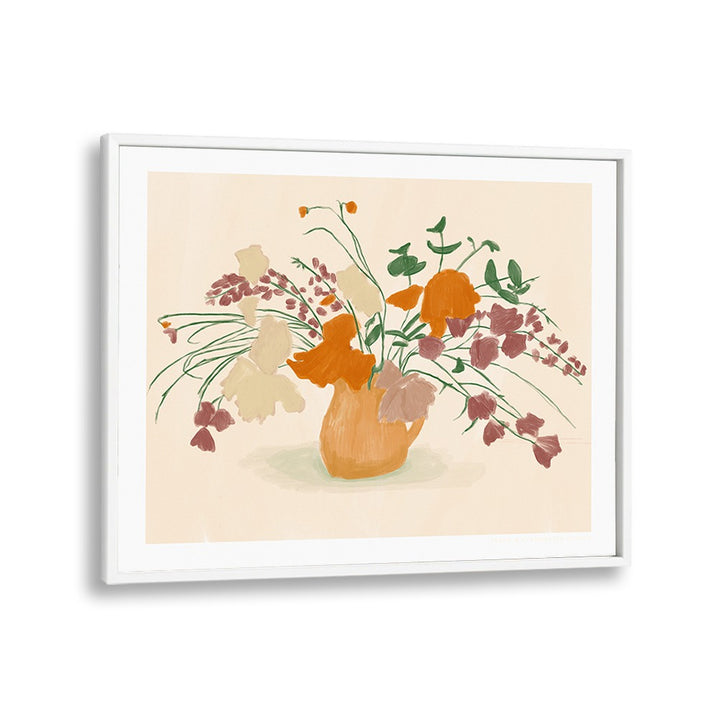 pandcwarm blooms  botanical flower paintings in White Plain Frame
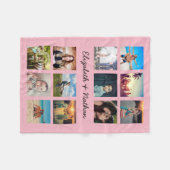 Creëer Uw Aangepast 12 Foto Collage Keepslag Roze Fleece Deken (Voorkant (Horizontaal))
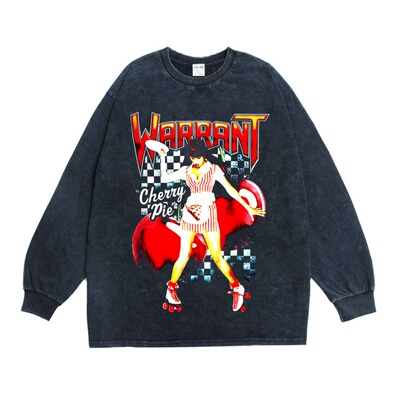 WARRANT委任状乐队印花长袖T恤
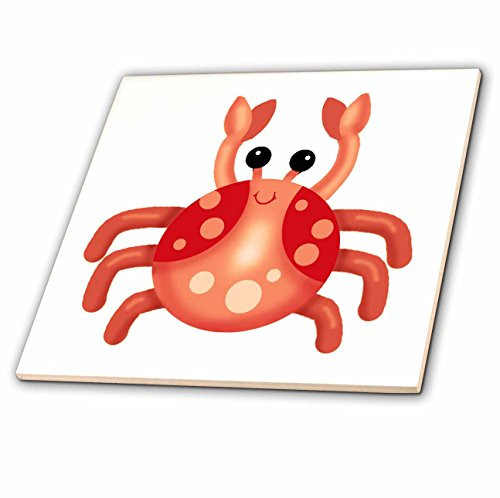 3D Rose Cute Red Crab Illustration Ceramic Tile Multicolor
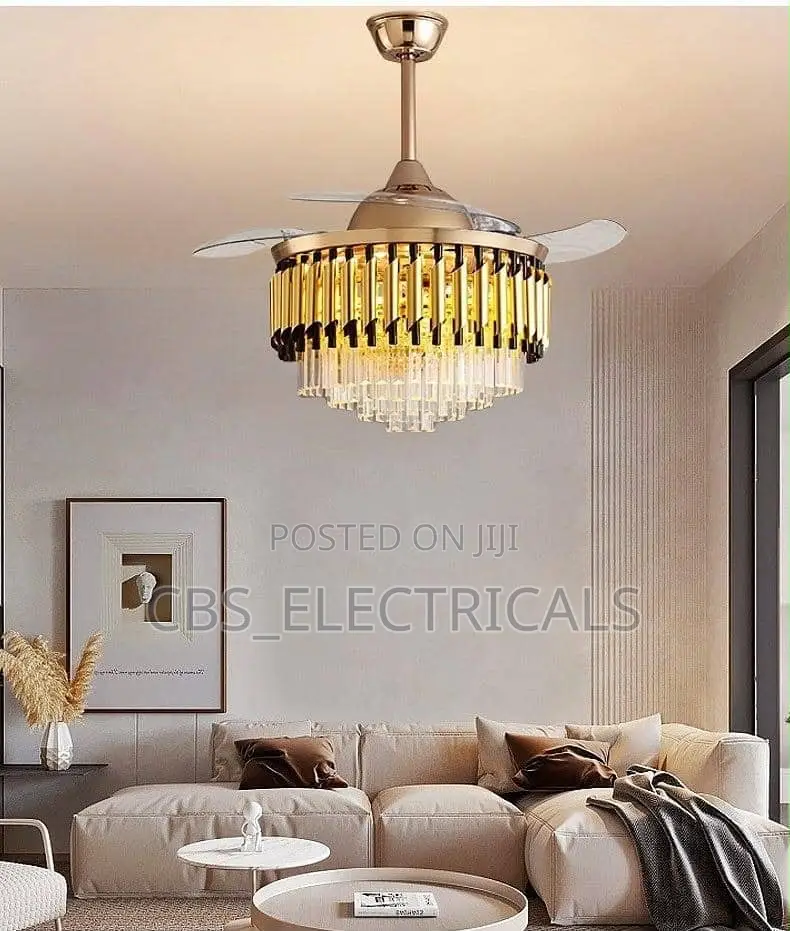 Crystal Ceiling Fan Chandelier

--

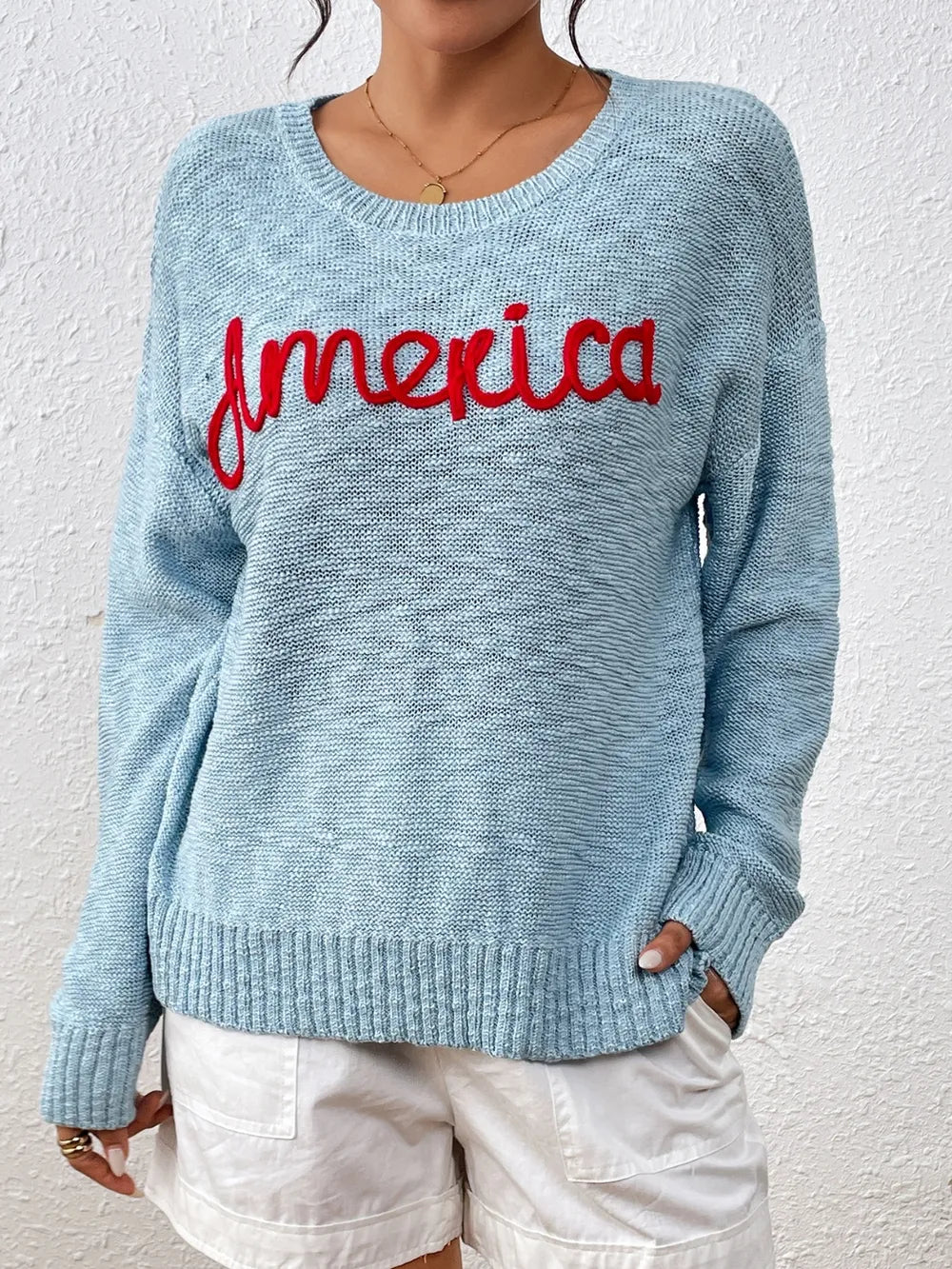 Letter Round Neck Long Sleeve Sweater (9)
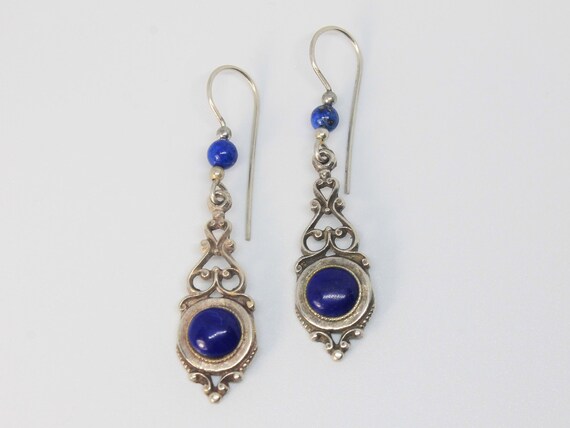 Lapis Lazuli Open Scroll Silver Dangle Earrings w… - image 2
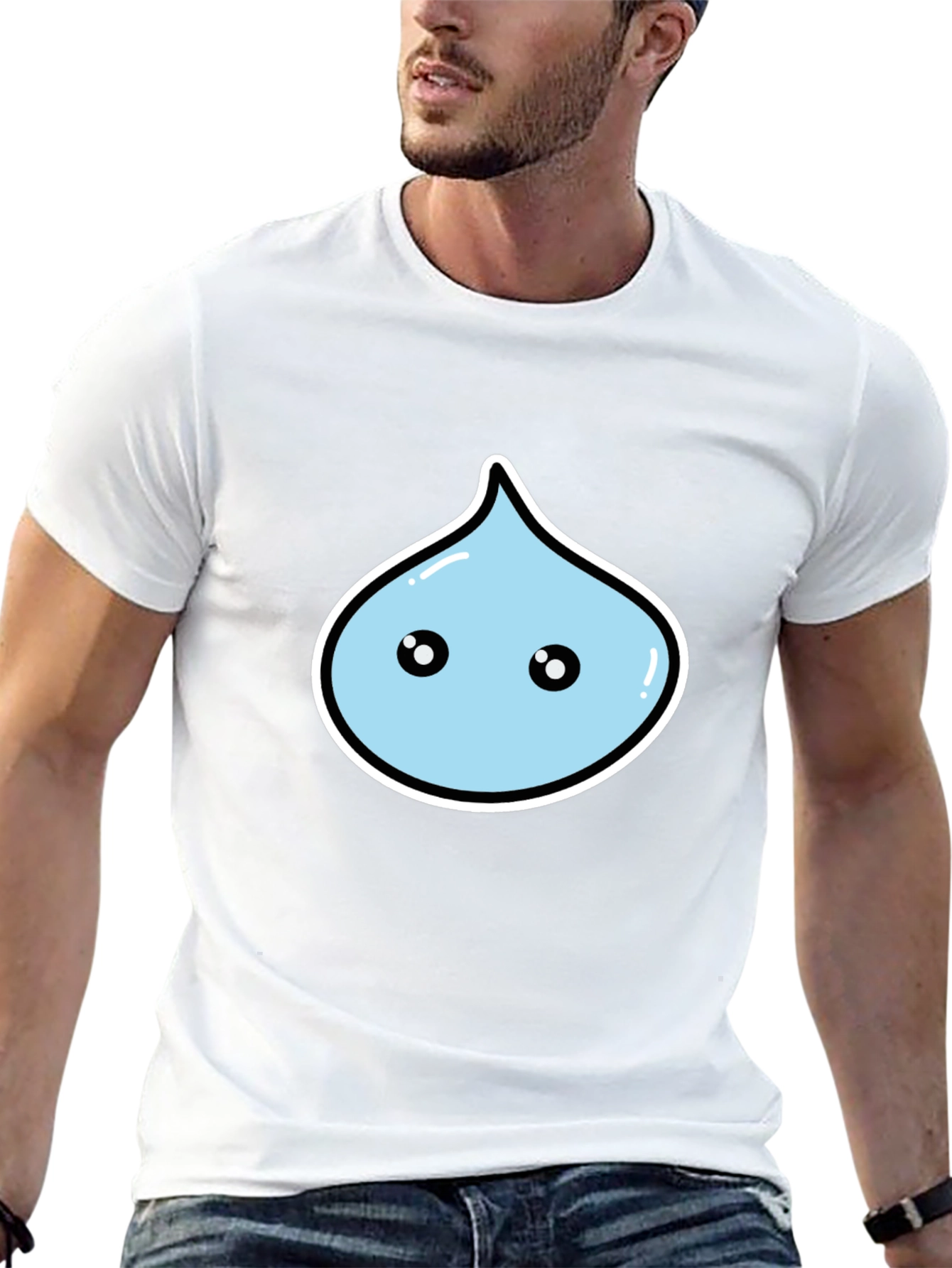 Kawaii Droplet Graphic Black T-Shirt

◆ **Assigned task**
The lines to set down run from the line with "3D Rose Cute" up to and including the line with "Crystal Ceiling Fan Chandelier" in the entries above. Reproduce them exactly, with no pictures.

◆ **Answer to this task**
 3D Rose Cute Red Crab Illustration Ceramic Tile Multicolor
 Crystal Ceiling Fan Chandelier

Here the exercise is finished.